Le public des théâtres publics est généralement assez unanime sur la question posée par Catarina : non, pas de quartier pour les faschos. Le défaut de la pièce est alors peut-être de prendre son auditoire pour acquis et de ne pas réellement parvenir à susciter l’intérêt des principaux concernés. Enfin, est-ce réellement un défaut ? Ou bien est-ce l’échiquier politique qui s’est tellement décalé à droite que le refus du fascisme n’est plus une valeur unanime, partagée par la droite et la gauche, ou simplement par toute personne de bon sens ? Tout porte à croire qu’à une époque où le fascisme est tragiquement devenu un « parti politique » comme un autre, c’est la deuxième hypothèse qui semble plus probable. Car oui, le rassemblement national est un parti fondé sur un socle nazi, ne rougissant pas de son héritage, et pensant autant aux travailleur.euse.s et aux précaires que le NSDAP. Bref, au moins le débat est ouvert.
RADICALEMENT BRECHTIEN
Alors, que répondre ? La défense de la démocratie semble impliquer un droit de parole à chacun.e pour représenter toutes les opinions. Et quid des opinions meurtrières ? Peut-on les tuer ? Le public tranche lors de l’épilogue mémorable de la pièce. SPOILER : Toute la famille de Catarina subitement morte, c’est finalement le député fasciste qui prend la parole après 2h15 en silence sur scène. Un monologue d’une vingtaine de minute, discours archétypal et vide sur la « dictature des minorités » et toute la rhétorique d’extrême-droite est alors déclamé par le comédien, lumières allumées dans la salle. Cette prouesse dramaturgique est couronnée par le verdict du public qui finit inévitablement par réagir à ce discours en vue de l’interrompre. Sans appeler explicitement le spectateur à réagir, Tiago Rodrigues le force à répondre à la question que Catarina pose. Mais alors, est-ce qu’un tel comportement a sa place au théâtre, le lieu où l’on regarde, où l’on écoute ? Ce dénouement déstabilisant et résolument brechtien prouve que la lutte contre le fascisme est un impératif imminent et que la culture en est son front de défense.

INTOLÉRANCE À L’INTOLÉRANCE
Deux points semblent nécessaires à la clôture de cet article. Le premier étant que le terme de « fascisme » est historiquement connoté et défini et que pour certain.e.s, l’usage qui en est fait aujourd’hui est abusif.
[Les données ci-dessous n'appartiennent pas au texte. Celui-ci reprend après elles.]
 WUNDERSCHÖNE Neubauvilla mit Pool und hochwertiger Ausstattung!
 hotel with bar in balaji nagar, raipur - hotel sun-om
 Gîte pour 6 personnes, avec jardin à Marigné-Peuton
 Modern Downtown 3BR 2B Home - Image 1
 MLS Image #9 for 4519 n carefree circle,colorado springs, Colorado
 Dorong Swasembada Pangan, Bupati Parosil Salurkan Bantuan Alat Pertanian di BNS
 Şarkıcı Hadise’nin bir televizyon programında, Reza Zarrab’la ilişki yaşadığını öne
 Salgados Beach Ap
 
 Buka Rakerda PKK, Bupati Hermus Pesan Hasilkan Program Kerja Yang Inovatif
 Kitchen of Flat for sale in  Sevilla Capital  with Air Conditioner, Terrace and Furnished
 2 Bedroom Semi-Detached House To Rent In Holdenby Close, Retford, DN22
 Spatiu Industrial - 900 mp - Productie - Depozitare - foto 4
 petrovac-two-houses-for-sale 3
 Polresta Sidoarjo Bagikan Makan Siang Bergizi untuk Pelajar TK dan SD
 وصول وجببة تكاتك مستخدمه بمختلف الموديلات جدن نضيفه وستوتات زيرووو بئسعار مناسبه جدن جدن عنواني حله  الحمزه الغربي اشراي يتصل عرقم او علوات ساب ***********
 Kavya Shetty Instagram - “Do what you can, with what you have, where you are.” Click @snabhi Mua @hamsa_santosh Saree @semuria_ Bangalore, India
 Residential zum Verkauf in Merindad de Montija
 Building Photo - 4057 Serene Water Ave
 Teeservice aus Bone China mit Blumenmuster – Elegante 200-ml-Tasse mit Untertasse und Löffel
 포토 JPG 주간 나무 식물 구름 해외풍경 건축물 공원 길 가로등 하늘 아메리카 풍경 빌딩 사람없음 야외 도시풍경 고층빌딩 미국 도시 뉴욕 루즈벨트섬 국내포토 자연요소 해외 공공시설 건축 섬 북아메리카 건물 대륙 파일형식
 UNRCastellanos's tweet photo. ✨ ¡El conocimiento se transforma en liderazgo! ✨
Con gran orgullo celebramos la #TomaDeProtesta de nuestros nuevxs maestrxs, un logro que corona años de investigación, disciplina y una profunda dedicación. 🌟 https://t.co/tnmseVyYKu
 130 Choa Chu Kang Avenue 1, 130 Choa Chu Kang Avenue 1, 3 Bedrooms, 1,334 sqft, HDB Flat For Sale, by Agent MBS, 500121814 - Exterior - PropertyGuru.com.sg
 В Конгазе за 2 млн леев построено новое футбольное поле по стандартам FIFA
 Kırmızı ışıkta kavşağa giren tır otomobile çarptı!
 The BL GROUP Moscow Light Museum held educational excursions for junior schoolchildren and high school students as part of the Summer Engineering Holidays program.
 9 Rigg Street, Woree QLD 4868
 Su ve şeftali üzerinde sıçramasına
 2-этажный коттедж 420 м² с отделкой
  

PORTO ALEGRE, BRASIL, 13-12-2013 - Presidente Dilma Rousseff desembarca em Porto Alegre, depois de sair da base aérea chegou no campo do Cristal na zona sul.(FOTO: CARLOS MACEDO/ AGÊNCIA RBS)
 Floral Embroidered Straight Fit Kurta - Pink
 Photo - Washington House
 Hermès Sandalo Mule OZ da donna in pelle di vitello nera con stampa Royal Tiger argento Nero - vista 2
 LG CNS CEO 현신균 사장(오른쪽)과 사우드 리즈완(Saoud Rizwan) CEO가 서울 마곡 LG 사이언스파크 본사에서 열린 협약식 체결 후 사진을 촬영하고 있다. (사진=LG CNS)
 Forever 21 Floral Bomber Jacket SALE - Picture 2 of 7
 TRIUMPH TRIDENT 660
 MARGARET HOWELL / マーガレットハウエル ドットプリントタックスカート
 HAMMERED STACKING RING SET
Cela, l’auteur en est conscient, tout comme il est conscient que ‘de tout temps’ les mots ont vu leur sens évoluer et qu’il est plus éloquent de parler d’un « fasciste » que d’un simple député d’extrême-droite. Second point, Catarina questionne avec brio le « paradoxe de l’intolérance » théorisé par Karl Popper dans La société ouverte et ses ennemis. Très simplement, Popper pose l’aporie selon laquelle la tolérance doit être intolérante à l’intolérance pour subsister. En bref, voilà une citation qui explicitera plus clairement le propos : « Tant qu’il est possible de les contrer par des arguments logiques et de les contenir avec l’aide de l’opinion publique [les philosophie intolérantes], on aurait tort de les interdire. Mais il faut toujours revendiquer le droit de le faire, même par la force si cela devient nécessaire, car il se peut fort bien que les tenants de ces théories se refusent à toute discussion logique et ne répondent aux arguments que par la violence. Il faudrait alors considérer que, ce faisant, ils se placent hors la loi et que l’incitation à l’intolérance est criminelle au même titre que l’incitation au meurtre, par exemple. » (Karl Popper, La Société ouverte et ses ennemis, tome 1 : L’Ascendant de Platon, Seuil, 1979).